Tne Glories of Having a Baby in Your 40s


Certain things simply arrive into your life at 40, inexplicably and unsuspected. Friends—the people you once slept on timber crates with at festivals or begged for painkillers during staff meetings or who held your coat as you kissed someone called “Climpf” by the large speaker—will start downloading bird-recognition apps onto their phones. Women you know—potentially the same women who used to make you meals made up entirely of toast, or color in the holes in your tights with ballpoint pen, or hide your cigarettes in a hole in a tree to share—will start watching gardening shows. People from your past—the ones who drove you to the seaside on a Friday night in your 20s to kiss local bar staff and eat chips—will start buying waterproof coats.

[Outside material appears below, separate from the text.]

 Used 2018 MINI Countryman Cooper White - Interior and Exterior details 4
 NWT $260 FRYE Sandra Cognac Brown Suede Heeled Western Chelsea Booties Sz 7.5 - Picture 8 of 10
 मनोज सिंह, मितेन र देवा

One thing that people at this stage in their life are less expected to do is have a baby—or have another baby, as in my case. And yet we do. According to the Office for National Statistics, the “Standardised Mean Age” of mothers in the UK is now 31 years old and 33.9 years old for fathers. (In the United States, the average age for first-time mothers was 27.5 in 2023—up about a year from 2016.) For that to be the mean age, you’d better believe that there are a hell of a lot of us in the higher age bracket dragging that number up. Sienna Miller, I see, is pregnant with her third child. Congratulations to her—and no, I did not look like that when I was pregnant in my 40s. During my pregnancy last year, I had gray hair, wore a lot of black tracksuit bottoms, and put on so much weight in my face that I had to adjust my bike helmet just to see. I was not found on the Fashion Awards carpet in Givenchy, but rather on the side of the road, getting to school in the dark for 8:30 a.m. registration.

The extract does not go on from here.